Then, in Huffduffer, click the “Huffduff it” link in the header, and you’ll run into the last hoop you have to jump through.

Uploading the audio with Dropbox

You can’t upload your new audio file to Huffduffer, because Huffduffer wants a link to the file, not the file itself.

If you’re a Dropbox user, you can easily get the file onto the internet if you drop it into Dropbox’s Public/ folder. Then, you can right click and “Copy Public Link” to get the link you’ll use on Huffduffer.

Finally, use the “RSS” link on Huffduffer to get your podcast into your favorite podcast player.

Sadly, as a podcast, you miss out on the (frankly awesome) pictures in this talk. And it doesn’t work well with code- or demo-heavy talks (though you might still be able to get the gist of it).
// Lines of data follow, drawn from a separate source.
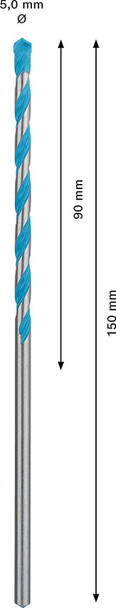 Bosch Professional 1x Expert CYL-9 MultiConstruction Drill Bit (for Concrete, Ø 5,00x150 mm, Accessories Rotary Impact Drill)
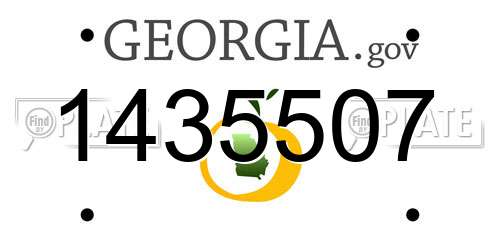 1435507 Georgia License Plate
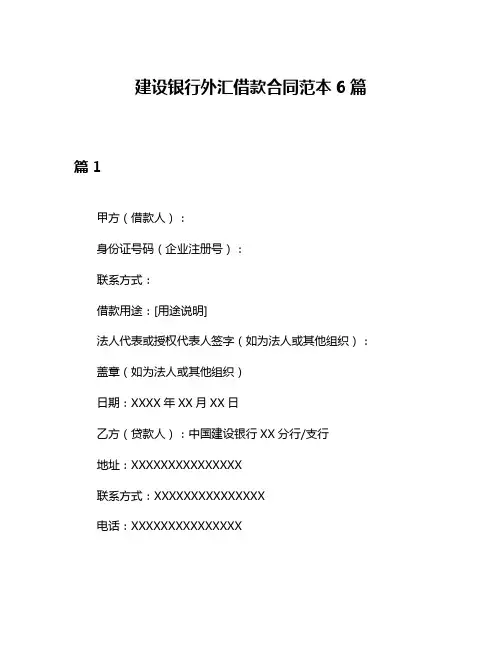 建设银行外汇借款合同范本6篇
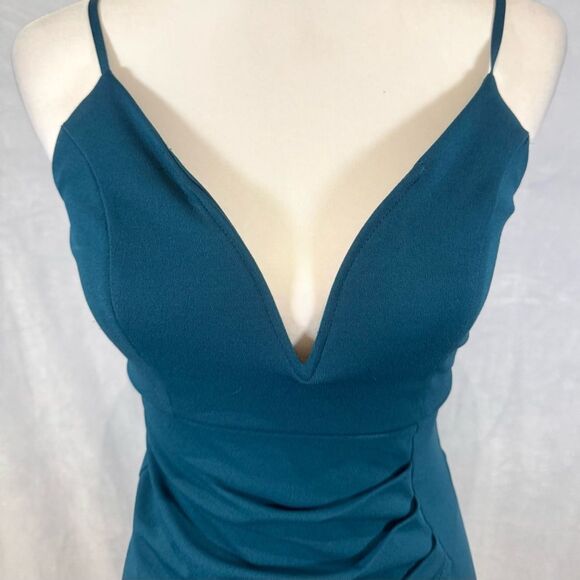 Windsor deep teal green pleated mini bodycon wrap dress size XS - Picture 3 of 8
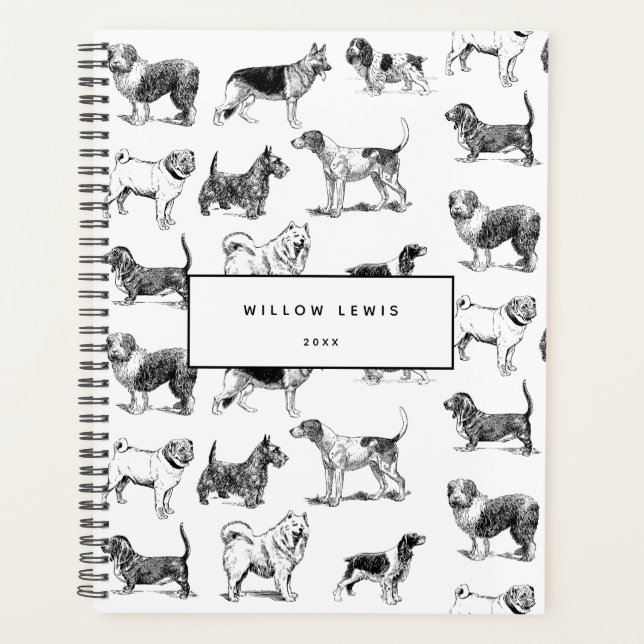 Personalized Black & White Vintage Dogs Pattern Planner (Front)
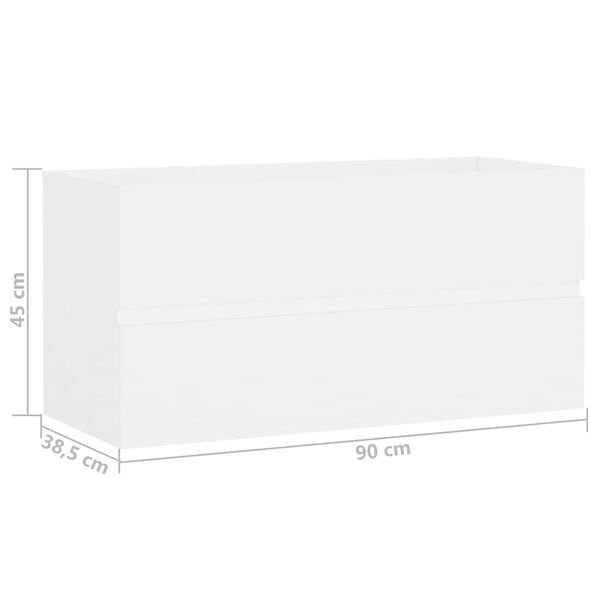 Vonios kambario baldų komplektas, baltos spalvos, MDP Balta 90 x 38.5 x 45 cm su maišytuvu nuotrauka 16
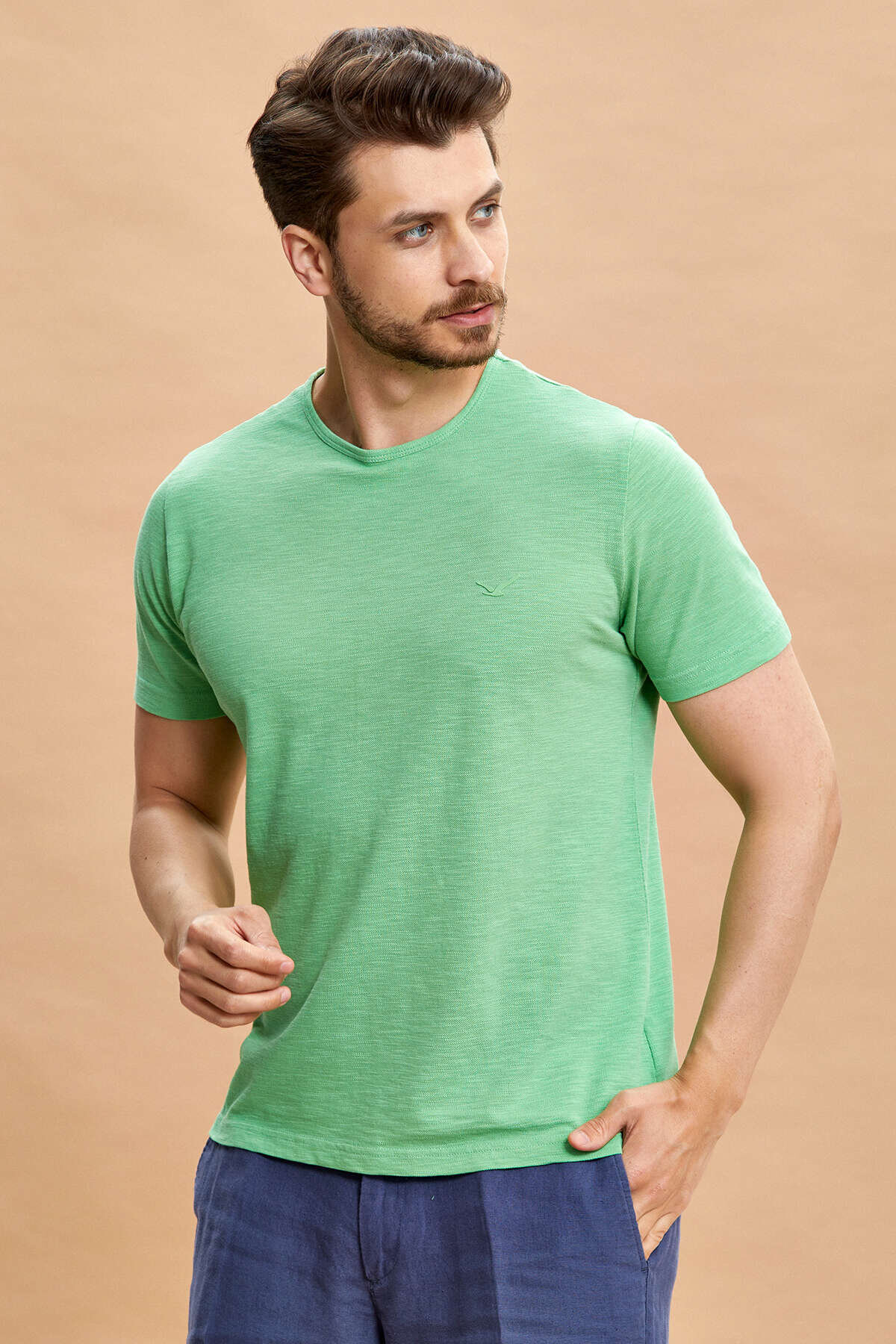 Green 100% Cotton Basic T-shirt - 5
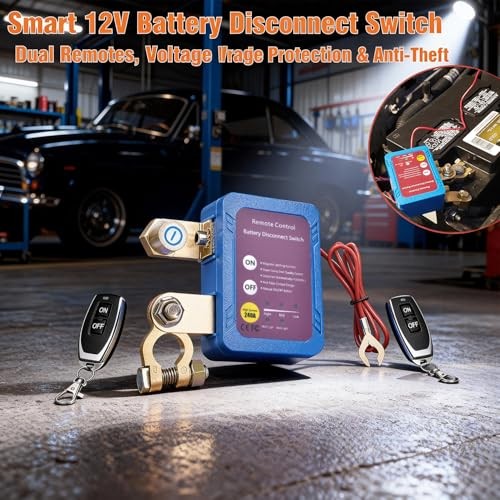 Remote Battery Disconnect Switch 12V, 240A Smart Voltage Sensitive Car Kill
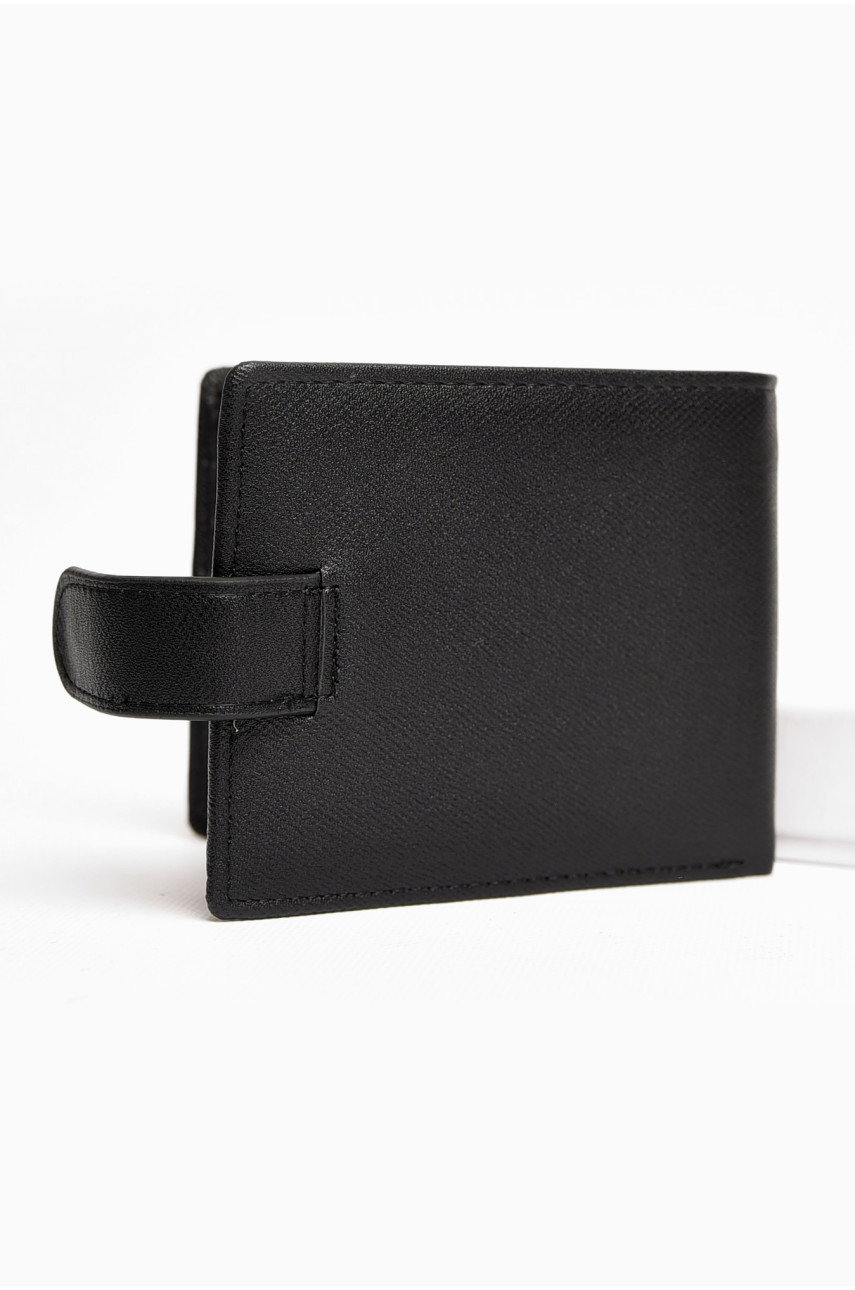 Кошелек мужской из экокожи черного цвета 208-3 198278 Кошелек мужской из экокожи черного цвета 208-3 198278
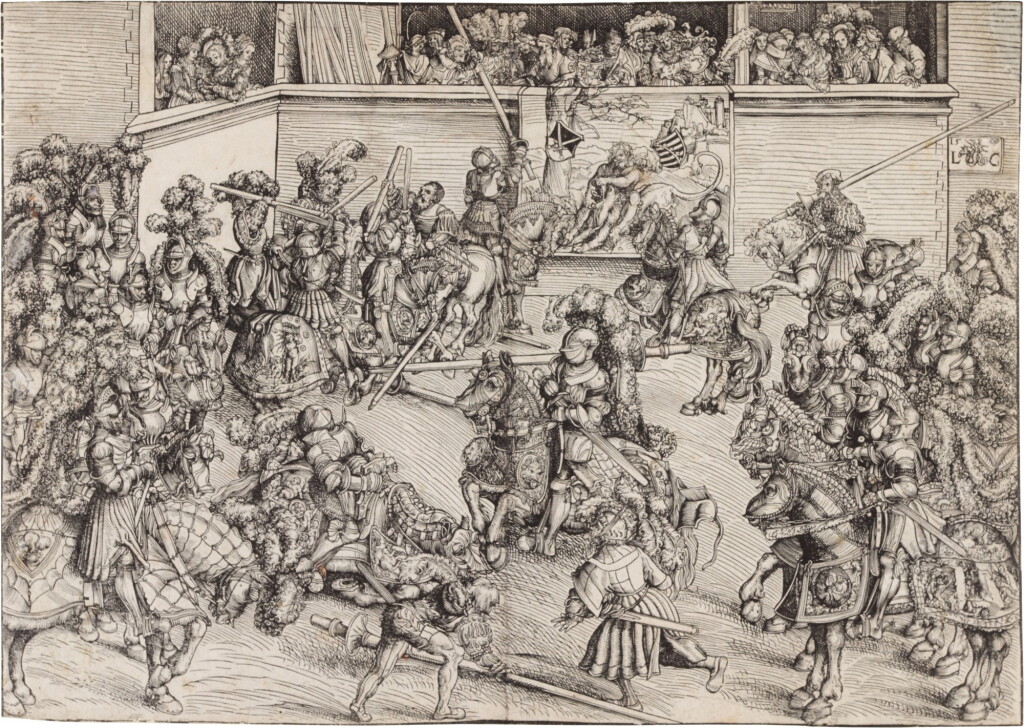 View full screen - View 1 of Lot 44. The Second Tournament with the Tapestry of Samson and the Lion (B. 126; Holl. 117).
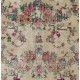 Vintage Hand Knotted Turkish Floral Rug with Low Wool Pile in Red and Ivory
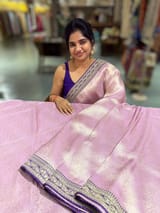 Lilac & Purple Combo Banarasi Tissue Brocade saree SS50217
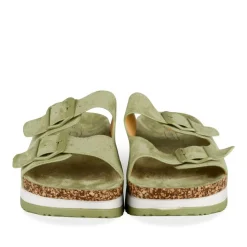 Mules Liège VERT Femme Motif Uni A Enfiler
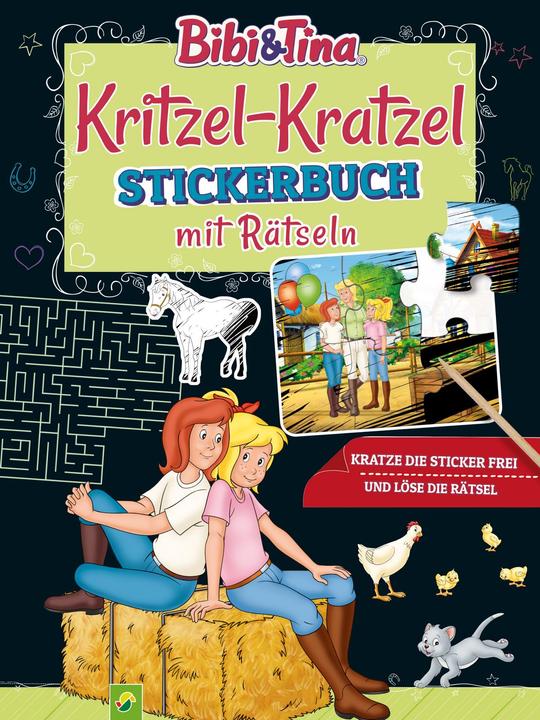 Bibi & Tina Kritzel-Kratzel Stickerbuch mit Rätsel
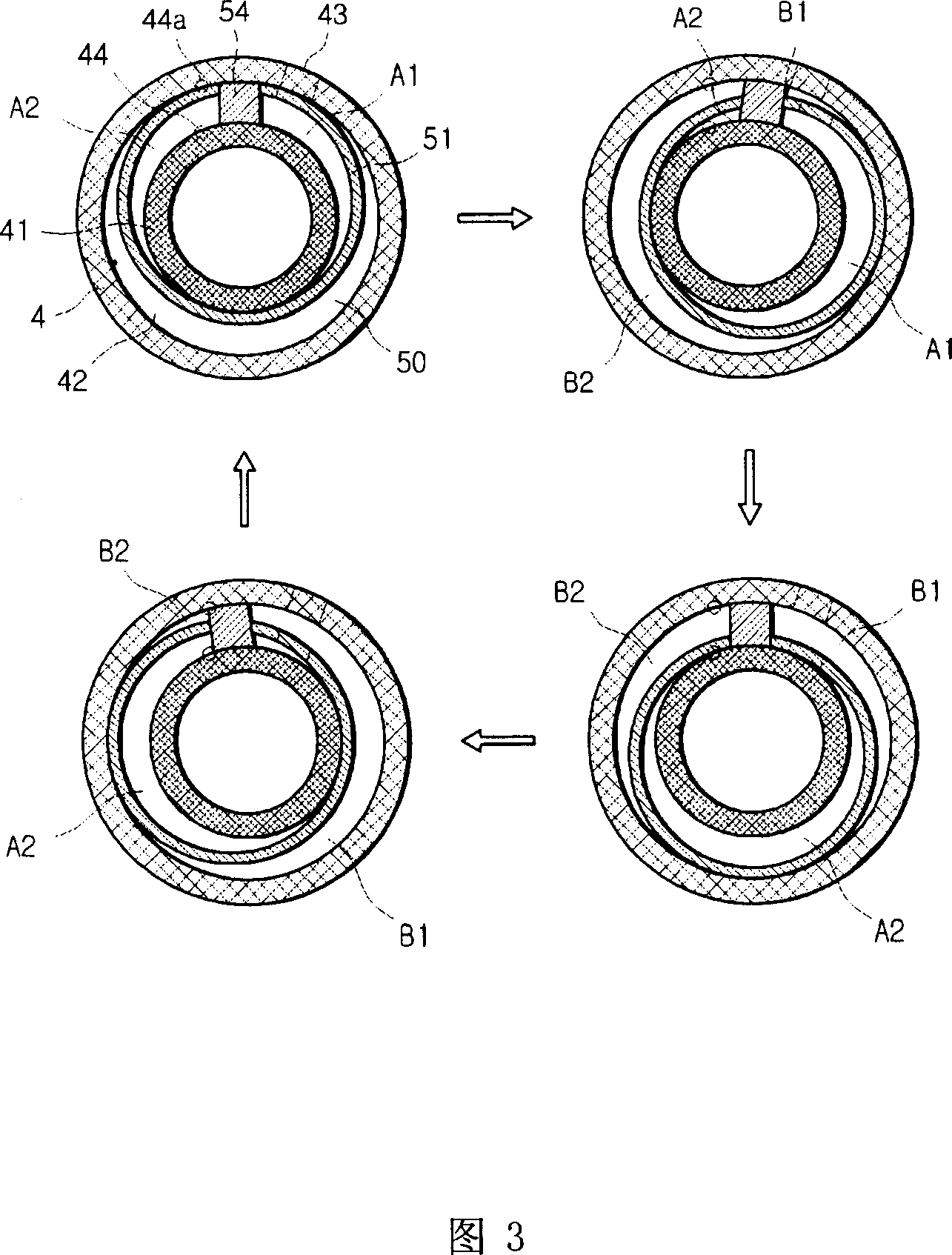 Volume varying device for rotating blade type compressor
But sometimes, it’s not a choice between listening to a talk or watching a talk. It’s between listening to a talk and not experiencing it at all. If those are your options, audio-only seems like a decent compromise.

Putting it all together

So, here’s that process again:

  1. Sign up for a free Huffduffer account.
  2. Install youtube-dl.
  3. Install ffmpeg.
  4. Download the talk’s audio with youtube-dl -x <url_to_talk_video>.
  5. Toss the audio file into ~/Dropbox/Public, or somewhere else that’s publicly accessible.
  6. Click “Huffduff it,” and paste the link to your new audio file.
  7. Listen to the new episode of your very own conference podcast!

If you’re a fan of podcasts, give this a try. It’s really nice to have conference talks pop up where you’re already listening.